Del escritor mexicano Ignacio Padilla (1968-2016) circula en libre-rías su obra póstuma Última escala: en ninguna parte, publicada por el Fondo de Cultura Económica en la colección A través del espejo, en la que el autor plasma su faceta de viajero y, desde la literatura, comparte múltiples experiencias y universos.

Con autorización de la editorial, La Jornada ofrece a sus lectores un adelanto del libro

El caso es que aquel año seguí viajando. Viajé cada vez más emocionado y hambriento por ganar millas y cada vez menos interesado en detenerme a conocer países y culturas. Así como antes mi objetivo había sido alcanzar fuentes sólo para echar monedas en ellas, ahora sólo me interesaba viajar para seguir viajando. Me parece recordar que en esos tiempos llegué a creerme el hombre más afortunado del cosmos. Yo, que nunca antes me había ganado nada, ni siquiera cuando rifaron una mascota en mi salón de sexto de primaria, ahora ganaba todo sin esforzarme mucho y ponía el pie en países que antes ni siquiera sabía que existían.

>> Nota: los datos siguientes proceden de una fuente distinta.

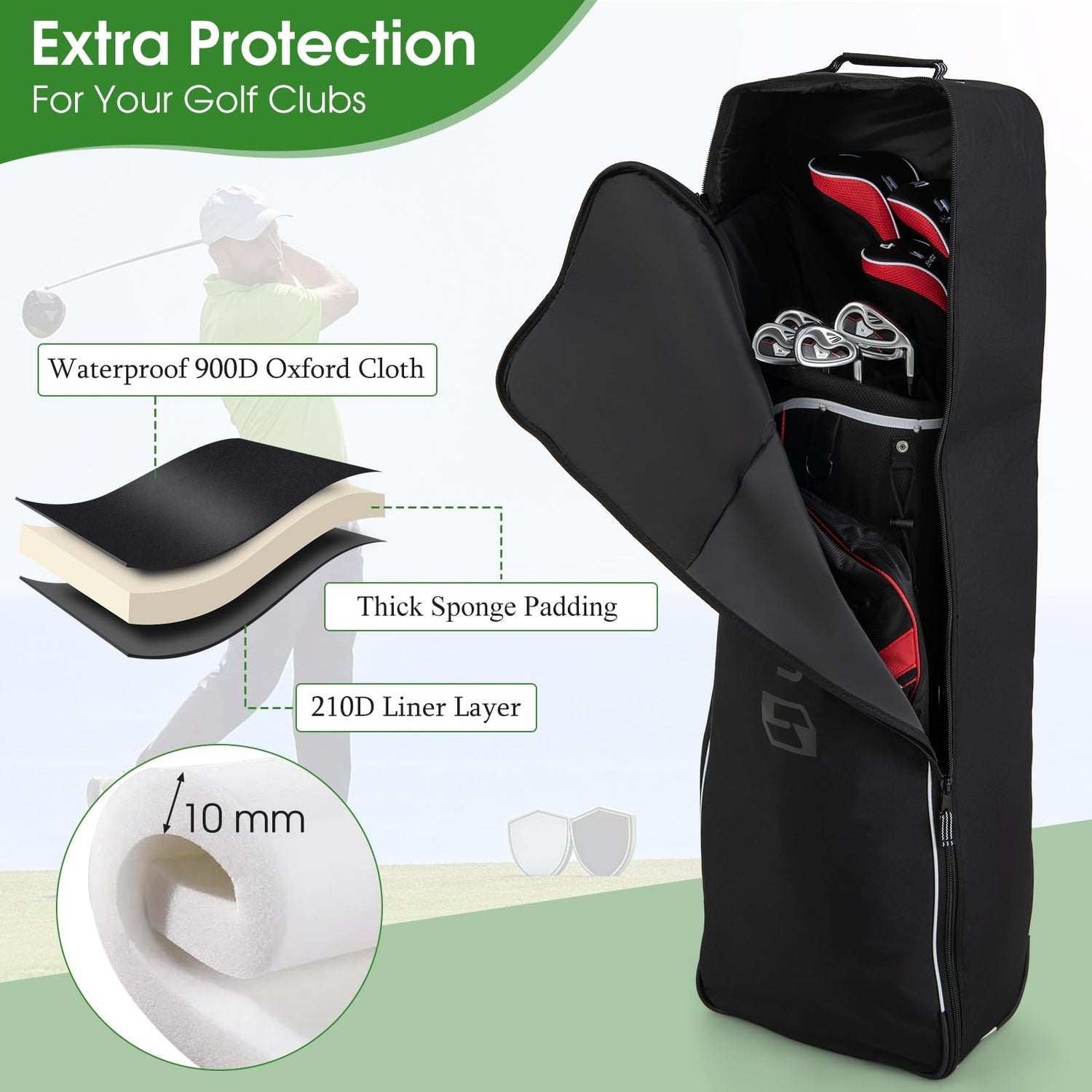 GYMAX Golf Travel Bags, Heavy Duty 900D Oxford Cloth Wear Resistant & Waterproof Golf Travel Cover w/Wheels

Es verdad que a ese ritmo no podía conocer a fondo los lugares que visitaba, pues apenas me alcanzaba el tiempo para fotografiarme en algún lugar histórico, mucho menos para visitar un museo o detenerme a comer en un restorán, como no fuera el de un aeropuerto. Pronto entendí que visitar ciudades sólo para fotografiarme en sus monumentos me quitaba mucho tiempo. Además, los álbumes de fotos pesaban mucho y me estorbaban para desplazarme ligero entre un vuelo y otro. Así que dejé de fotografiarme. Hice un pequeño álbum con mis mejores fotos y me limité a llevarlo conmigo mientras me acostumbraba a vivir entre aviones y aeropuertos. En sólo quince meses aprendí a encontrar viajes en primera clase y a aprovechar promociones en vuelos de inauguración o de aniversario. Cierto, tenía que correr mucho, pero eso mejoró mi condición física. Además, le tomé el gusto a dormir en los aviones y en los aeropuertos. Identifiqué los mejores baños para asearme y las salas de espera más acolchonadas para dormir. Reconocí en qué vuelos se comía mejor y cuáles aerolíneas tenían los sobrecargos más agradables y los pilotos más hábiles para despegar y los más audaces para aterrizar. Hice amistad con varios de ellos. Algunos hasta me dejaron entrar en la cabina y pilotear un avión durante quince minutos.

Entre una cosa y otra, encontré también el modo de seguir conociendo y aprendiendo sin tener que abandonar mi vida en los aviones. Aunque había renunciado a visitar y tomarme fotos en monumentos históricos, siempre tuve el cuidado de leer sobre los países por los que pasaba en una guía de viaje que compré en un aeropuerto mexicano el día que cumplí mis primeras cien horas de vuelo entre Houston y Guadalajara. En esa guía estaba todo lo que necesitaba para ser un auténtico hombre de mundo. Además, aquella guía incluía por promoción cien tarjetas postales que fui enviando a mi novia Anacoluta y a mi tío Maclovio.

Las postales las escribía en los vuelos largos para enviarlas desde las oficinas de correos de los aeropuertos en los que aterrizaba. En ellas contaba a mi tío lo que iba aprendiendo en mi guía de viajes y prometía a mi novia regresar lleno de experiencia a aquel pueblo donde nadie había mirado nunca más allá de su nariz. Viajaba, soñaba y escribía que al volver a casa todos me admirarían y me otorgarían más premios. Entonces me casaría con Anacoluta y tendríamos la luna de miel más larga de la historia aprovechando mis cupones de viajes románticos para parejas frecuentes. Le pondrían mi nombre a la única calle del pueblo y a la estación de autobuses. Por lo menos, me nombrarían alcalde o hijo predilecto. Podía ser que hasta me hicieran una estatua que pondrían encima de una gran fuente en la plaza central, una fuente con aviones de bronce a la que visita-rían cada año muchos peregrinos para arrojar en ella sus monedas en mi honor. En mis discursos de agradecimiento contaría a los periodistas y a mis paisanos lo que había aprendido en mis muchos viajes, y puede que diera algún consejo a los niños que soñaran con llegar a ser un día viajeros triunfadores como yo.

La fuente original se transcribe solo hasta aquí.